Birgit M. Kaiser's research spans literatures in English, French and German of the 19th to the 21st century, always with a focus on literature as a mode of poetic knowledge production, on the relation of literature, aesthetics and affect, as well as on writing subjectivity in transcultural and postcolonial ecologies of power. For this last concern, especially questions of un/translatability, multilingualism and the materiality of language are important. Inspired by feminist new materialism, Birgit also works on changing forms of critique and criticality in the 21st century, as well as contemporary methods of reading.
Research collaborations and leadership
With Kathrin Thiele, she founded the interdisciplinary research network Terra Critica and together they coordinate the network since its beginning in 2012. Terra Critica organizes annual international academic meetings as well as regular ReadingRoom sessions for a wider public in Utrecht (in collaboration with Casco Art Institute). The network has established collaborations with a range of leading international academic institutions in Europe, the USA and Asia.
She is currently coordinator of the research community "Critical Pathways", an interdisciplinary research community within the UU strategic theme Pathways to Sustainability, focusing on a just sustainability. "Critical Pathways" stresses the need to move beyond an understanding of sustainability narrowly focused on technological solutions and to ask questions about social and cultural norms, political power relations, and global inequalities.

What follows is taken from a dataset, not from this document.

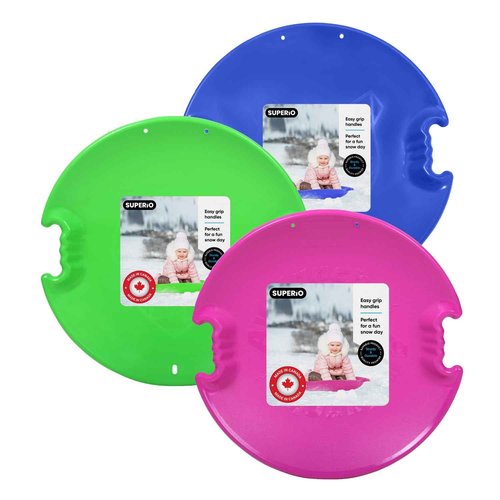 Superio Round Snow Saucer Sleds- Plastic Disc Sleds for Kids and Adults- Heavy Duty Sled Discs with Handles for Downhill Sledding, Winter Outdoor Sports (Blue-Green-Fuchsia, 26 Inch)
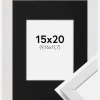 Ramme Stilren Hvid 15x20 cm - Passepartout Sort 4x5 inches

Since 2022, Birgit is researcher and supervisor in the EU-HORIZON MSCA Doctoral Network "European Literatures and Gender from a Transnational Perspective" (EUTERPE; 2022-2026), which brings together gender and transnational perspectives within an interdisciplinary approach to literary and cultural studies. EUTERPE is a collaboration of Central European University Vienna, University of Oviedo, University of Granada, University of York, University of Coventry, University of Lodz, University of Bolgona and Utrecht University, supervising and training a group of eleven PhD candidates. In this context, Birgit is also on the editorial board of the open source publication Dictionary of Transnational Women’s Literature in Europe (CEU Press) with key concepts and bio-bibliographic entries on leading representatives of the field.
She was a core member of “Creativity in World Literatures: Languages in Dialogue” (2016-2020), a research network funded by the UK Arts & Humanities Research Council within the Open World Research Initiative (OWRI).